The other mask I noticed in Japan was the one worn by people when they were alone just walking around going about their business. Implacid faces, vacant looks, I am trying not to think it was just me but their overall demeanor was radically different when there were two or more people. Americans may not be the most friendly people on the planet but they will at least look at you when you walk by. The mask must protect people but I admit I had no success in getting used to it.
There are many things that make Tokyo so very different from the western world – I keep thinking of new ones all the time.

Monday, March 23, 2009

Thoughts on Tokyo – Part III – Tokyo is no place for direct mail

I remember the first time I went to Tokyo in 2000. The area in which my friends were living was very chic and filled with westerners. Where my friends live now (they have moved around several times) is also a very nice area but more typically Japanese with few westerners (that’s means you!). But the thing all these areas seem to share is that there are (except for major thoroughfares) no street signs and no street addresses posted. How does the mailman know where to go? They do it by neighborhood and somehow it works. But it does not work if you want to send any kind of offer to the household aside from a generic message on behalf of a neighborhood business.

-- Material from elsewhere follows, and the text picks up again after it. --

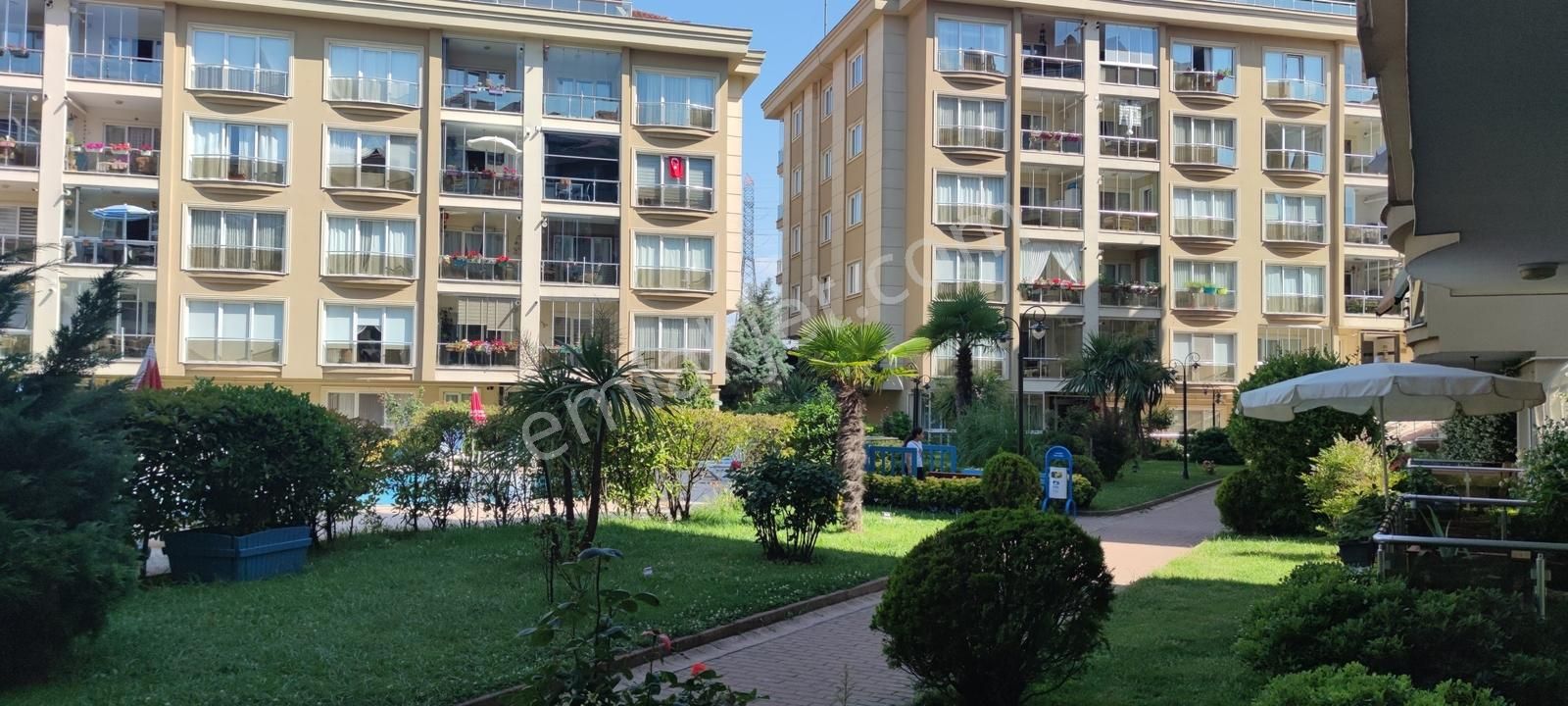 Franco Vadi Evlerinde Metro 5 Dk Mesafede Havuzlu Site İçi 2+1 - Görsel 3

Japan does not have lists of people to buy and sell as is the case in the U.S. and many other places. Since the population is so homogenous there is no need for demographic and psychographic profiling. People are not all that different – at least city people are city people and country people are country people. In Japan mail is delivered 7 days a week and you pretty much have to check your mailbox every time you return home. I did not get to see any offers from companies that may have provided services to my friend but I imagine that there may be some mailing to customer files but then again maybe not. I was told how efficient the Japanese postal service is, and that would be consistent with just about everything in Japan. The Japanese postal service is being privatized over the next 9+ years. This is something that is often discussed about the USPS but never really seems to gain any real traction.

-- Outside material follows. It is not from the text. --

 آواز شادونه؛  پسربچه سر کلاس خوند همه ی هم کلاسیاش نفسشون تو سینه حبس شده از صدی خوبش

The cultural reasons would seem to be many for why there is no customer list industry in Japan but I am sure that there are many Americans that would prefer if there were little advertising mail in the United States. There are however no shortages of direct response television ads and some of the same characters that hawk products on American television can be seen doing the same complete with dubbing, subtitles etc. for selling those products in Japan. I wonder if the Japanese will use the mail any differently as the amount of advertising messages continue to increase there as much as in the U.S... I for one think it is a channel that could be leveraged but it would not be easy (what is easy these days?).

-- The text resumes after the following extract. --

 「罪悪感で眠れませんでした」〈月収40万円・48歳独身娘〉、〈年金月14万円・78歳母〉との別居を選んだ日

And don’t ever just throw your unwanted mail in the garbage. In Tokyo your neighbors make up what I call the ‘garbage police’. The recycling standards are quite high in Tokyo and as gai-jin (foreign people) are not fully familiar with garbage protocols you can spend fifteen minutes being admonished by your neighbor due to your errors in separating your garbage. These people take this stuff seriously! Good thing though – 36 million people have big time garbage potential. And even with the strict standards there are mutant super crows that prowl the streets of Tokyo. These birds are scary big and appear to have hit the steroid stash. They make noise 24 hours a day and frequently made me feel as if I were in an Edgar Allen Poe story or Alfred Hitchcock movie. I have heard that the crows have actually gone after people and they take small animals regularly. One final observation about garbage in Tokyo (and Europe for that matter) – re: public garbage cans. There aren’t many. Having been to Europe twice in the past 9 months as well as Tokyo I have never carried my trash around more in my life. However the streets of Europe and Tokyo were infinitely cleaner than in New York (not saying much) or most other places in the U.S. Yes there is a correlation. But it would take an American quite some time to get used to that!